The model reveals that flame length scales as $L\propto D^{1.041}{P}_0^{0.347}$, indicating a stronger dependence on orifice diameter than on storage pressure. This quantitative relationship highlights that the influence of the $D$ on the flame length is more pronounced than that of the storage pressure $P_0$.

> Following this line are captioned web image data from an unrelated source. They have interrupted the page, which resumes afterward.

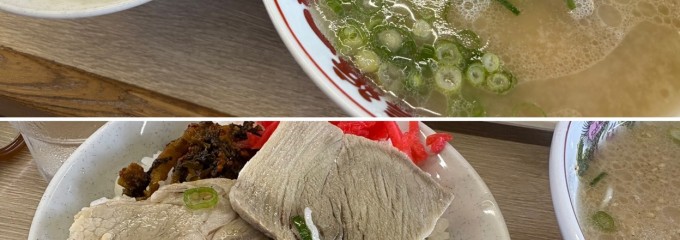 長浜一番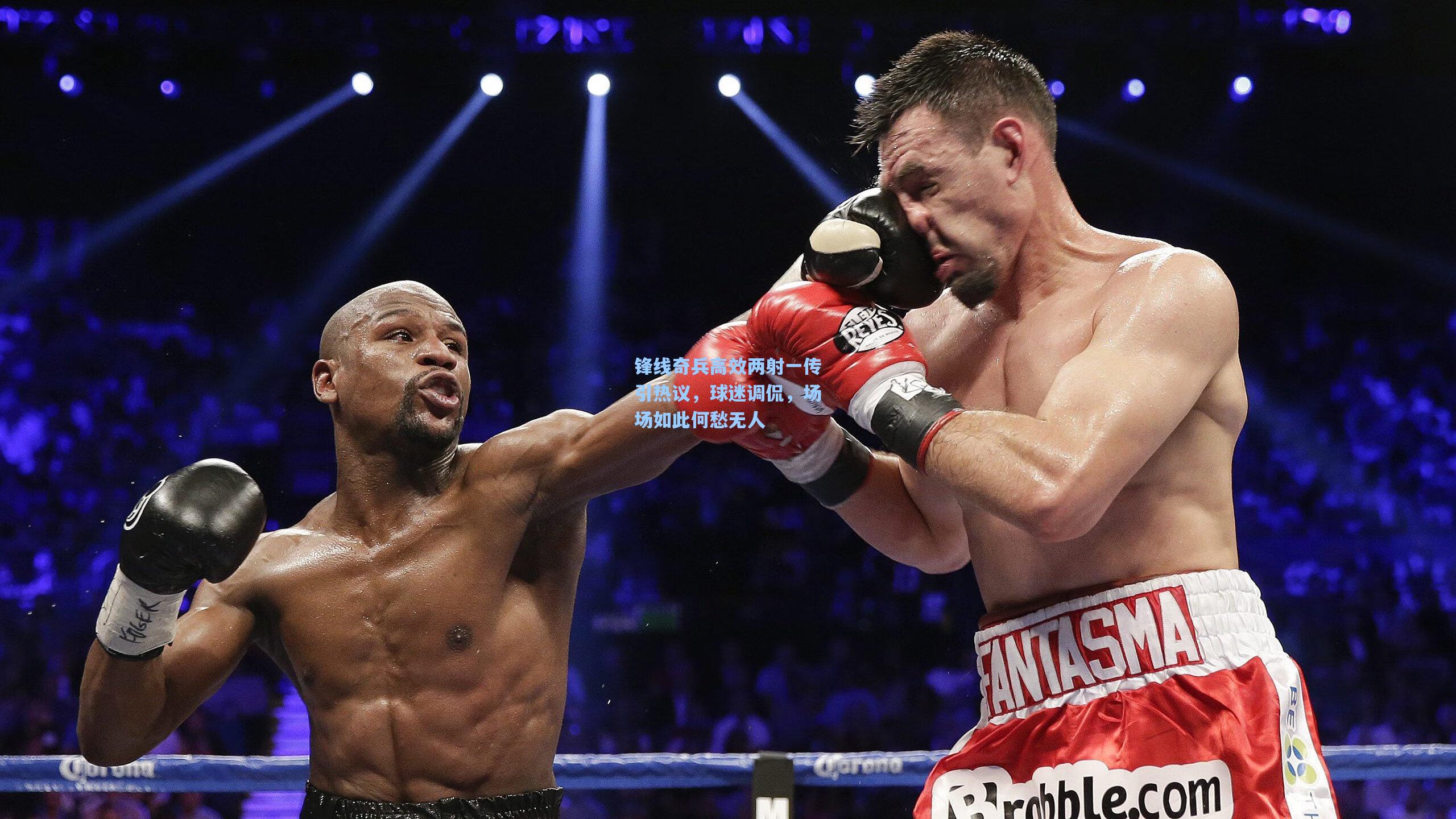 锋线奇兵高效两射一传引热议，球迷调侃，场场如此何愁无人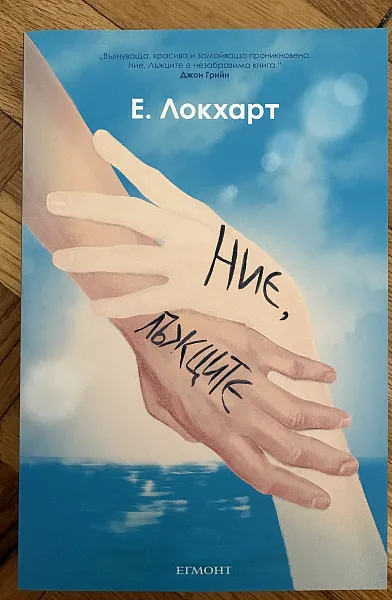 Ние, лъжците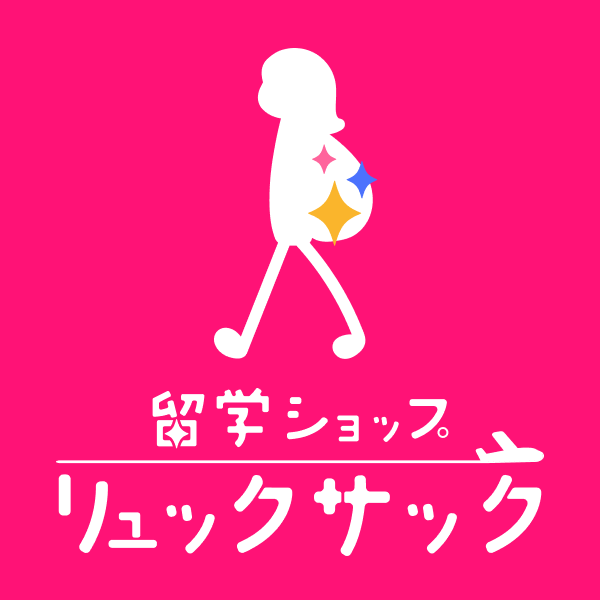 リュックサックの使い方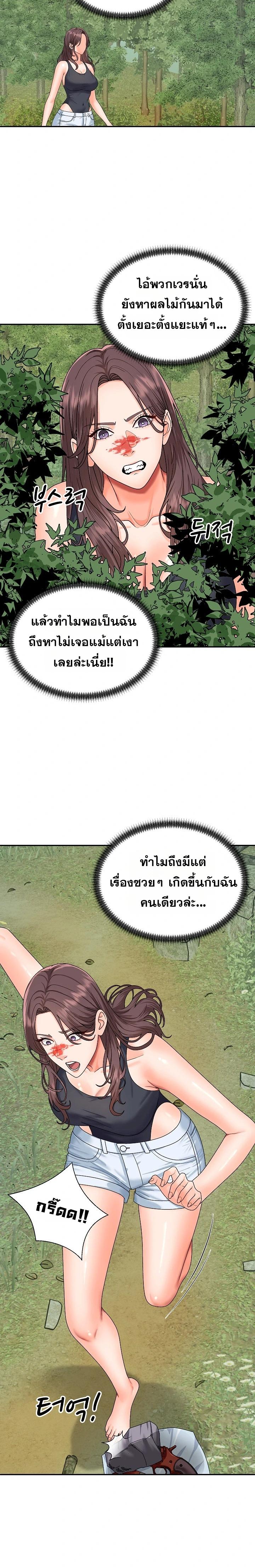 Doujin-Lc- อ่าน โดจิน มังฮวา เกาหลี ญี่ปุ่น จีน แปลไทย Master of the Island ตอนที่ 1 2 3 4 5 6 7 8 9 10 11 12 13 14 ฟรี ไม่มีโฆษณา อ่าน โดจิน Manhwa เกาหลี ญี่ปุ่น จีน เรามีครบ คัดมาให้เน้นๆ โดจิน 18+ รับประกันความฟินโดย  Doujin Lc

2.4. Model Assumptions and Applicability Range

The development and application of this model are based on a set of explicit assumptions. The core assumptions are as follows: the leakage flow is in a choked flow regime (satisfying $P_b/P_0\le 0.528$); the leaking medium is pure hydrogen, and the process is treated as isothermal leakage, neglecting temperature changes due to the Joule-Thomson effect; the leakage orifice is a sharp-edged circular orifice; and the environment is a quiescent; the environment is a calm and still atmosphere without wind, and the flame burns in standard dry air (with an oxygen volume fraction of approximately 20.95%).These conditions collectively define the idealized application scenario of the model, enabling it to clearly reveal the dominant influence patterns of key parameters such as pressure and orifice diameter on flame length. Consequently, this also implies that the model has limitations when dealing with complex real-world scenarios such as non-choked flow, strong wind interference, or significant throttling cooling effects. Addressing these complexities represents a direction for future research to deepen and refine the model.

2.5. Model Validation

To ensure the accuracy and reliability of the proposed refined theoretical model, this section employs two sets of representative independent public experimental data for its systematic validation. The validation strategy is designed to assess the model’s performance under two distinct leakage scenarios: (1) to verify the model’s predictive capability under typical ultra-high-pressure (>70 MPa) choked release conditions representative of onboard hydrogen storage systems, and (2) to examine its applicability within the medium-to-high pressure range (4–9 MPa) common in facilities such as hydrogen refueling stations. These two experimental datasets cover different pressure ranges, release orientations (vertical and horizontal), and measurement methods, providing robust dual evidence for the model’s generalizability.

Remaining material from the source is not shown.